# Task directions
From the listing below, please restate exactly the lines beginning at the one with "Jadeite Jade Cabochon" and ending at the one with "Женская шелковая рубашка, весенние", both included, and skip the pictures.

# Records for the task
☆ ☆ ☆ ☆ ☆ ☆ ☆
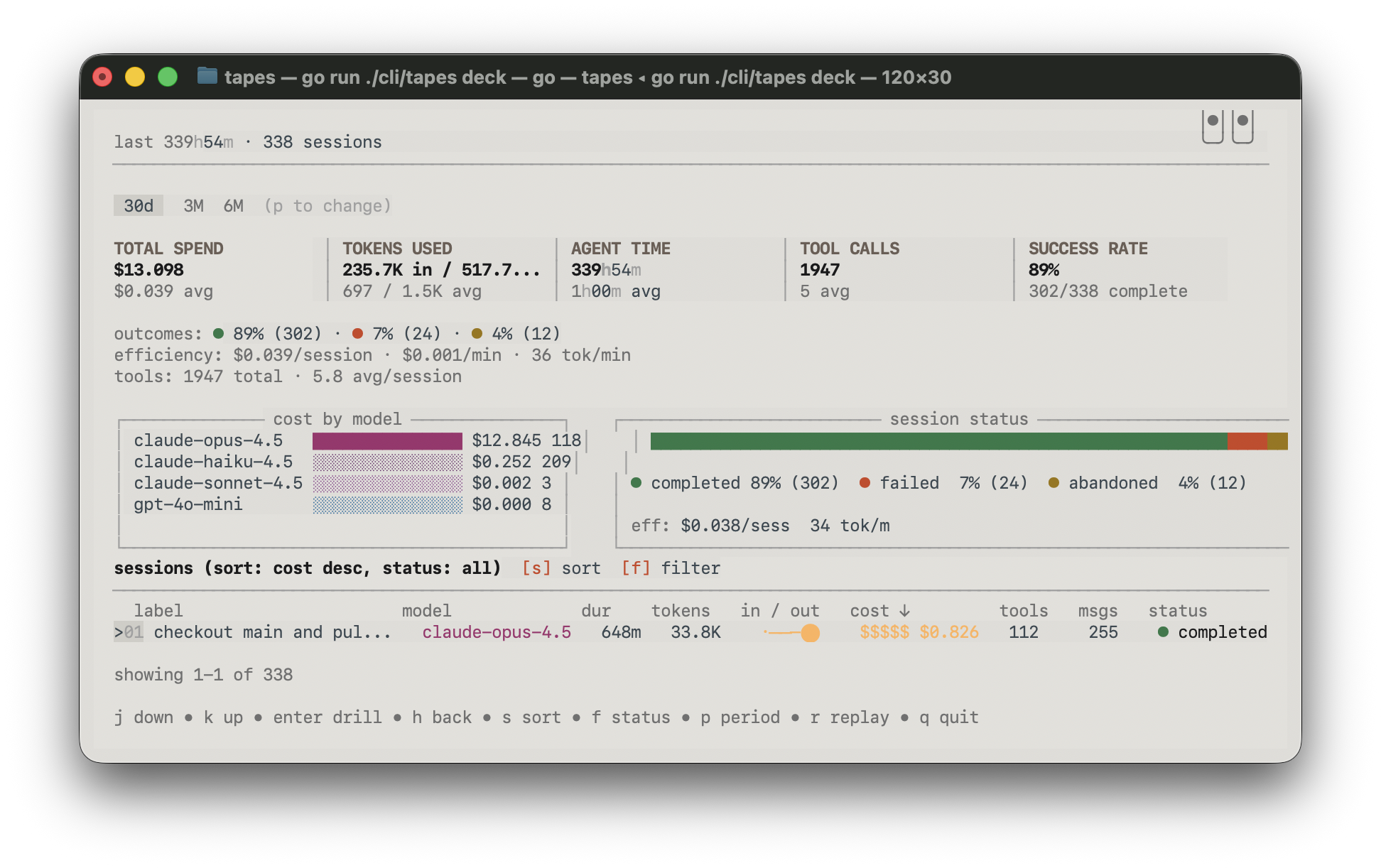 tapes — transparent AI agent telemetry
☆ ☆ ☆ ☆ ☆ ☆ ☆
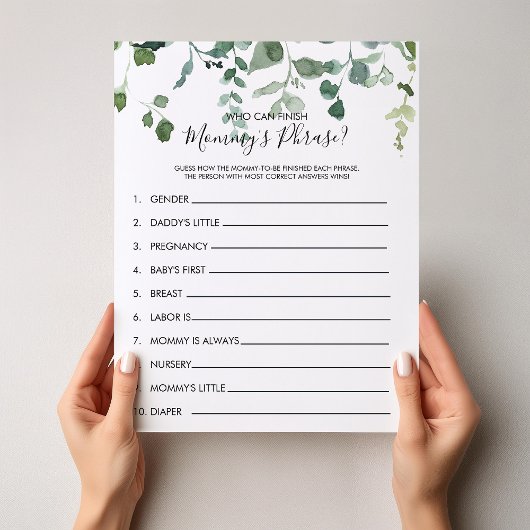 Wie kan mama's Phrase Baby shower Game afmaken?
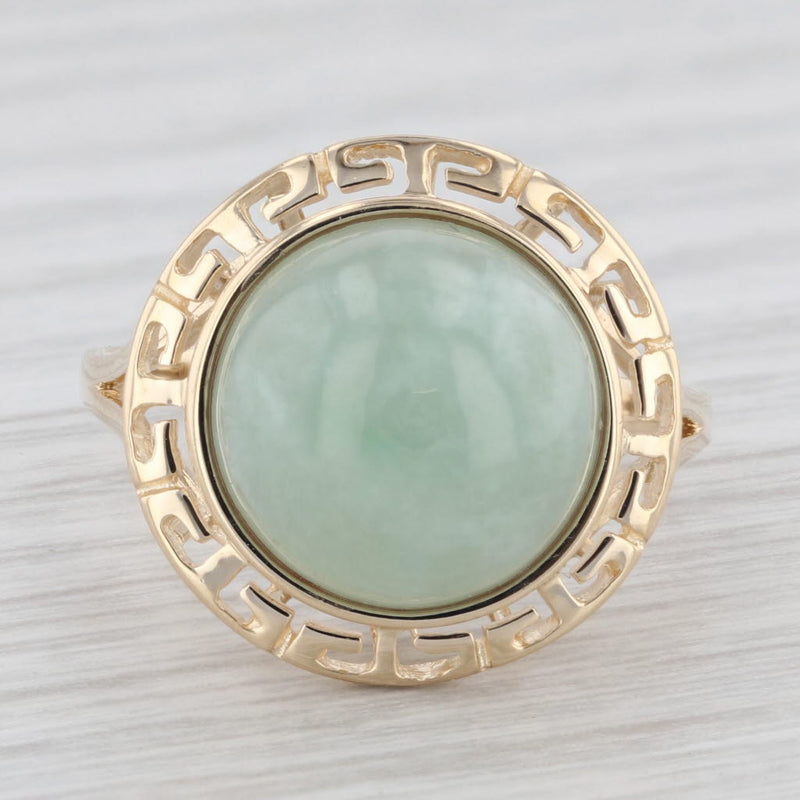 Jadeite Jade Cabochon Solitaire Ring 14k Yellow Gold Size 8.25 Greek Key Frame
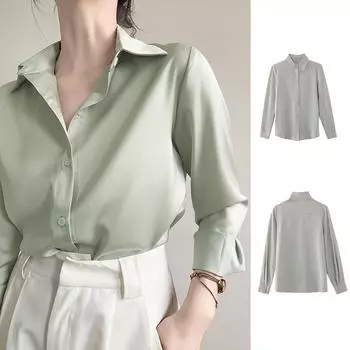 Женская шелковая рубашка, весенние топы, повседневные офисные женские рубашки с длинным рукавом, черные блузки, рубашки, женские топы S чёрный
☆ ☆ ☆ ☆ ☆ ☆ ☆
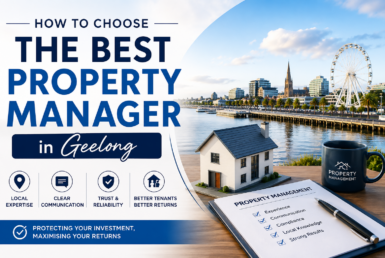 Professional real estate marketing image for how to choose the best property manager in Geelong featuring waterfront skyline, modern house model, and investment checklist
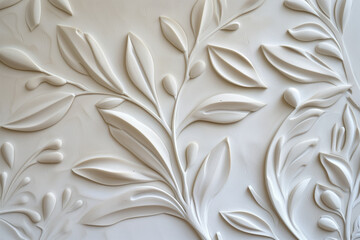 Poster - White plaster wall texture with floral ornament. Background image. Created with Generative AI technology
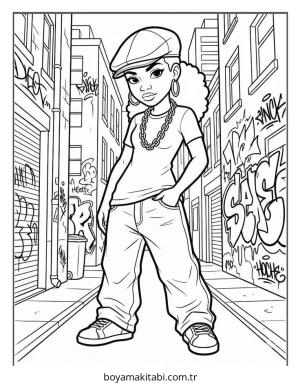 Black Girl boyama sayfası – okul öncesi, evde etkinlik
☆ ☆ ☆ ☆ ☆ ☆ ☆
# Output below
 Jadeite Jade Cabochon Solitaire Ring 14k Yellow Gold Size 8.25 Greek Key Frame
 Женская шелковая рубашка, весенние топы, повседневные офисные женские рубашки с длинным рукавом, черные блузки, рубашки, женские топы S чёрный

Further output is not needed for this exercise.